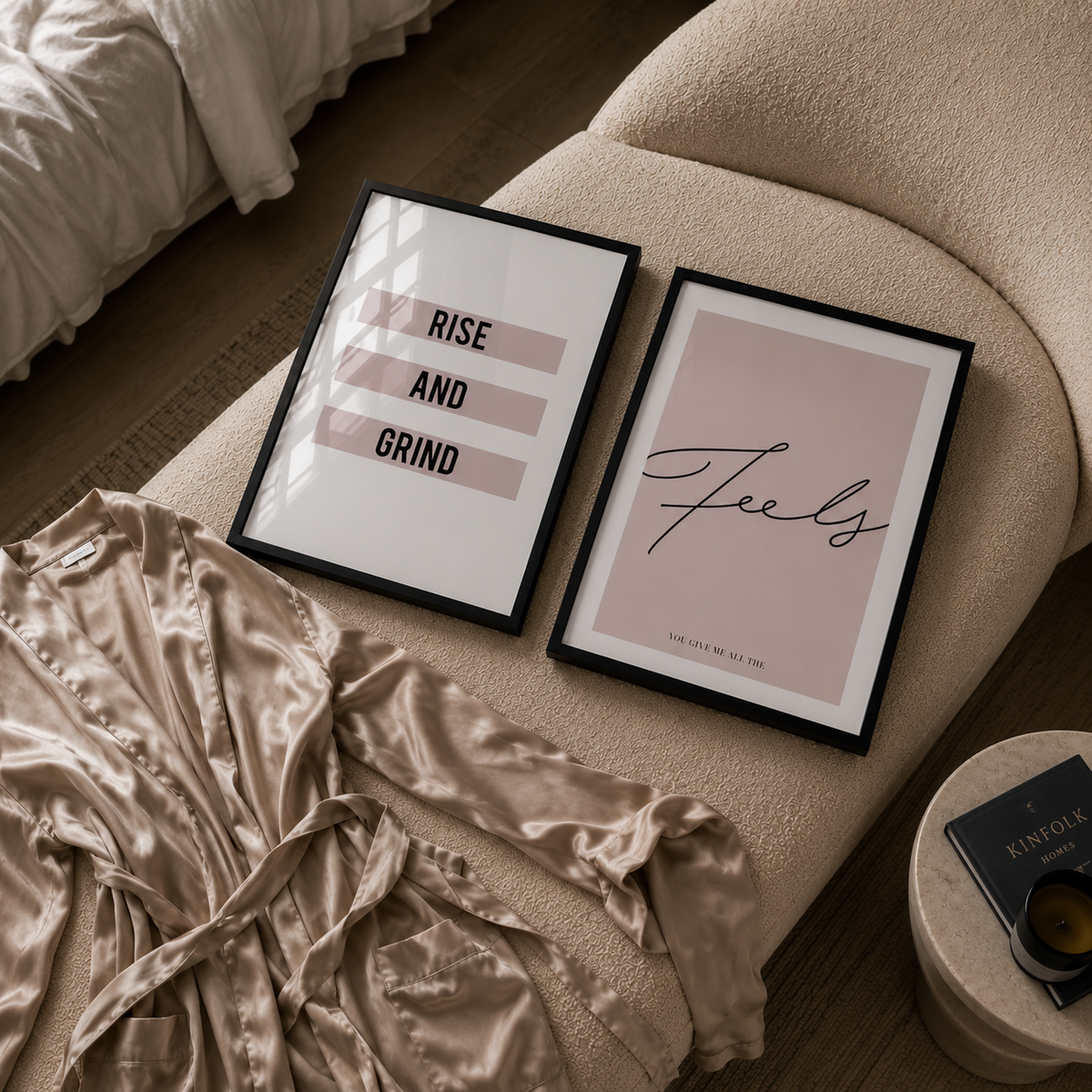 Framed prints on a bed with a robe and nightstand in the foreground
------------------------
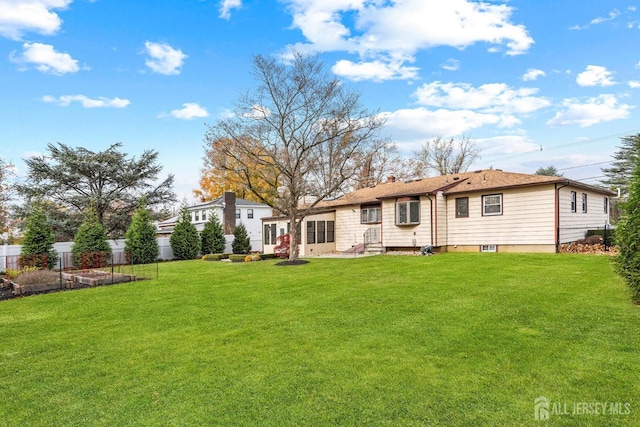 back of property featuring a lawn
------------------------
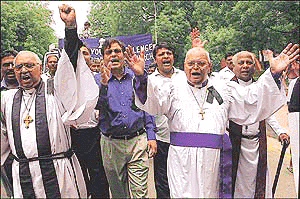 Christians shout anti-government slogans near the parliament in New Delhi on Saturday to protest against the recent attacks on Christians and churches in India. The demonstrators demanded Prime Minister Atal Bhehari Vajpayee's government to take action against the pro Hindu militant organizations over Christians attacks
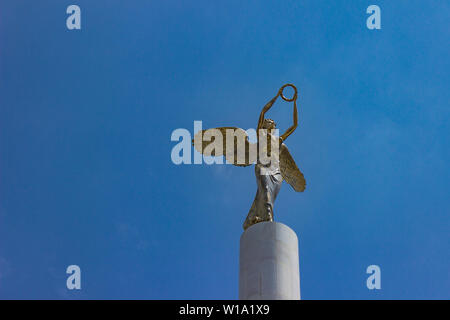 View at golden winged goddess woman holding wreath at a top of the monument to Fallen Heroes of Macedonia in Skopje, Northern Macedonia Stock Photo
------------------------
### What is required
Above is the material; set down exactly its lines from the one containing "Christians shout anti-government" down to the one containing "View at golden", both included, leaving out any pictures.

### Reply
 Christians shout anti-government slogans near the parliament in New Delhi on Saturday to protest against the recent attacks on Christians and churches in India. The demonstrators demanded Prime Minister Atal Bhehari Vajpayee's government to take action against the pro Hindu militant organizations over Christians attacks
 View at golden winged goddess woman holding wreath at a top of the monument to Fallen Heroes of Macedonia in Skopje, Northern Macedonia Stock Photo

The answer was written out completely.